Dr. Donoghue, initially estimated the first shot that hit Arbery was fired three to four feet away. But changed his estimate to as close as three inches after seeing the cell phone video and talking with another investigator working on the case who came to a different conclusion on the distance of the first shot.

That first gunshot hit Arbery’s chest, as well as his right wrist.

“The gunshot wound to this torso, was that a fatal gunshot wound? If he had never gotten this one under the arm, would that one in the middle of his torso have killed him,” asked lead prosecutor Linda Dunikoski.

“Yes,” answered Dr. Donoghue.

“Is there anything they could’ve done on scene to save his life,” asked Dunikoski.

“No,” answered Dr.

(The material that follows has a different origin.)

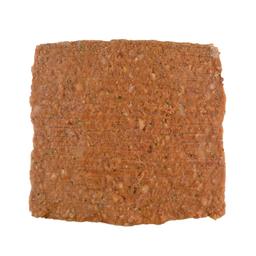 Product thumb gallery 1499696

Donoghue.

The defense asked Donoghue if Arbery’s wounds from the first shot could indicate that he had grabbed the shotgun from Travis McMichael, and as Travis pulled the gun away, fired. The doctor said it was possible, but he couldn’t say for sure because it wasn’t captured on the cell phone video.

Arbery was shot twice. Dr. Donoghue says that second shotgun wound, which was under Arbery’s left arm, would’ve also been fatal even if that was the only time he was shot.

A number of graphic photos of Arbery’s body were shown to jurors, including the Nike running shoes Arbery had on that day.

Meanwhile, Ahmaud Arbery’s dad continued to call for justice outside the Glynn County Courthouse.

“So your intention was to kill when you grab a gun like that. When you grab a gun, you didn’t give him a chance. Let me tell y’all something, it’s all our business, because it could have been one of y’all kids. It’s all our business. We got to get justice and make this stuff right so this kind of thing don’t happen to nobody,” said his father Marcus Arbery.

Defense wants to add new documents into evidence

Prosecutors put up a fight against documents the defense wanted to include in evidence Tuesday.

It all goes back to the defense’s case, as Judge Walmsley put it, of a “neighborhood on edge” due to crime. A main hook of the defense’s case is that the community was experiencing a crime wave that had neighbors in fear of suspicious people entering their neighborhood.

To support their case, the defense wanted to show the jury a list of suspicious person calls to police from the area. The prosecution argued most of those calls turned out to be bogus and the described suspects were often people who looked nothing like Arbery, some calls included incidents with white suspects for instance.

Prosecutors also said they did not have time to review these reports, only learning about them from the defense early Tuesday morning.

“If we’re going to do this, the state has no problem, but let’s do it, do it right and put in exactly what kind of suspicions people in Satilla Shores had. So if we’re going to do it, the state would like to be able to go into the underlying facts of this with these certified copies to demonstrate to this jury the nature of what they’re trying to intimate here,” Dunikoski said.

“We’re not attempting to say that this was in fact Ahmaud Arbery. What we’re intending is that there was a lot of criminal activity in this neighborhood to cause these neighbors concern, that they were talking about. And this is one part, one part of piecing together the puzzle, it doesn’t always get put together in order. But this is one part, brick by brick, building the picture of what’s going on in this neighborhood,” said Jason Sheffield, attorney for Travis McMichael.

It’s not clear at this point if we’ll be hearing testimony on the neighborhood 911 calls. Judge Walmsley did say he doesn’t think every 911 call is relevant in this case.